> _What the exercise asks_
The entries below contain a line with "Used 2023 Chevrolet" and a line with "Motherhood Black White". Quote exactly those two lines and all lines between them.

> _Extracted material_
--------

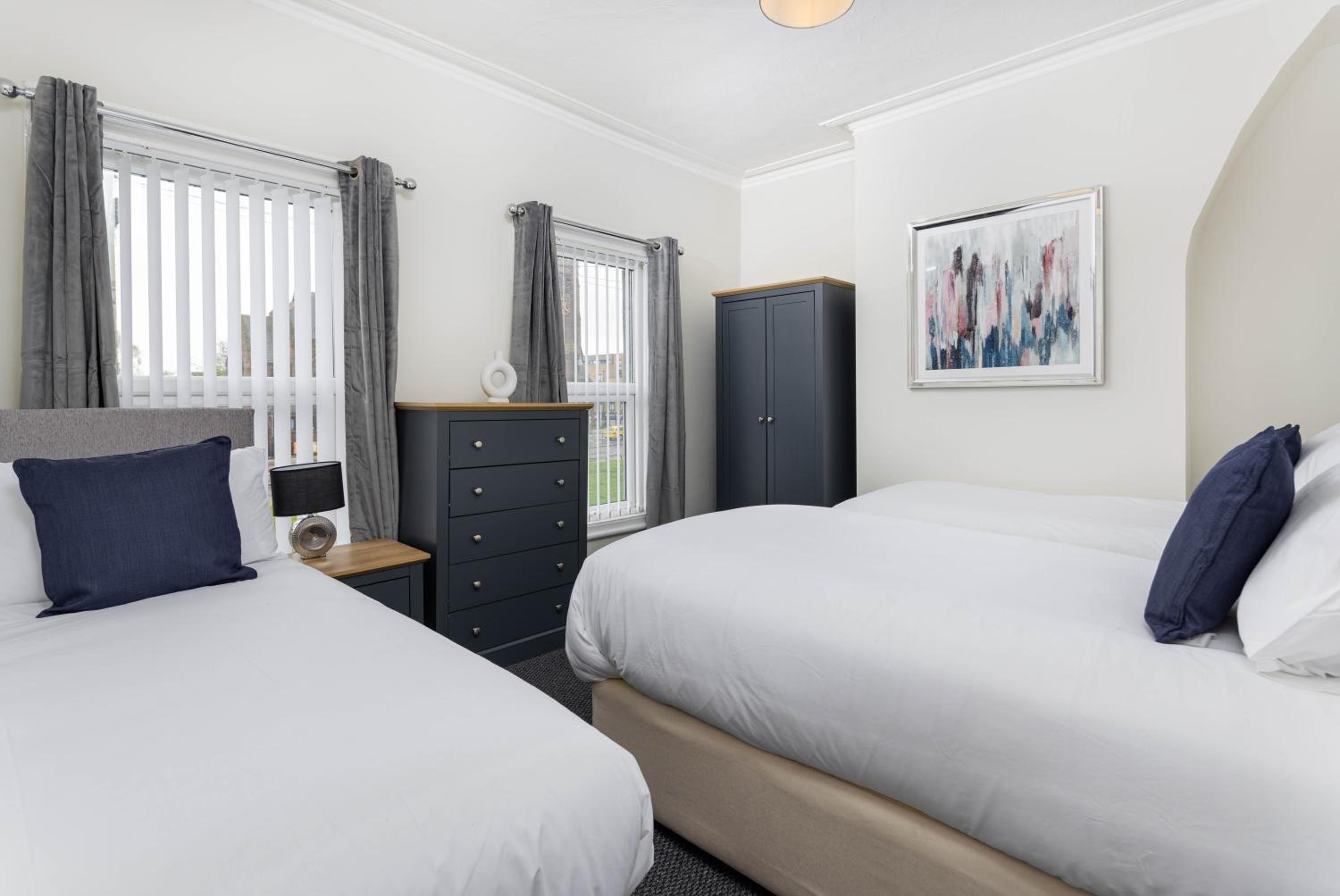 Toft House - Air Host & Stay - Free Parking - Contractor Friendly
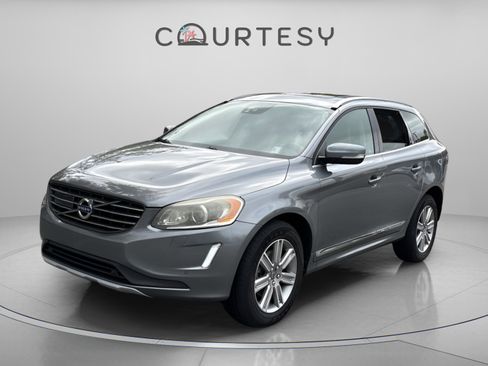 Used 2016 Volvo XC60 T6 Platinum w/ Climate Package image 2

--------

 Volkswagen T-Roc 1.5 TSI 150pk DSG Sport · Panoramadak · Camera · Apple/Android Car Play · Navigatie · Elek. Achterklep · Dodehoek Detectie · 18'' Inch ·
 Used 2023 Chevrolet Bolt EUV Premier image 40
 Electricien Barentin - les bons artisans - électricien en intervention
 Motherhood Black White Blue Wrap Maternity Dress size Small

--------

> _Problem solution_
 Used 2023 Chevrolet Bolt EUV Premier image 40
 Electricien Barentin - les bons artisans - électricien en intervention
 Motherhood Black White Blue Wrap Maternity Dress size Small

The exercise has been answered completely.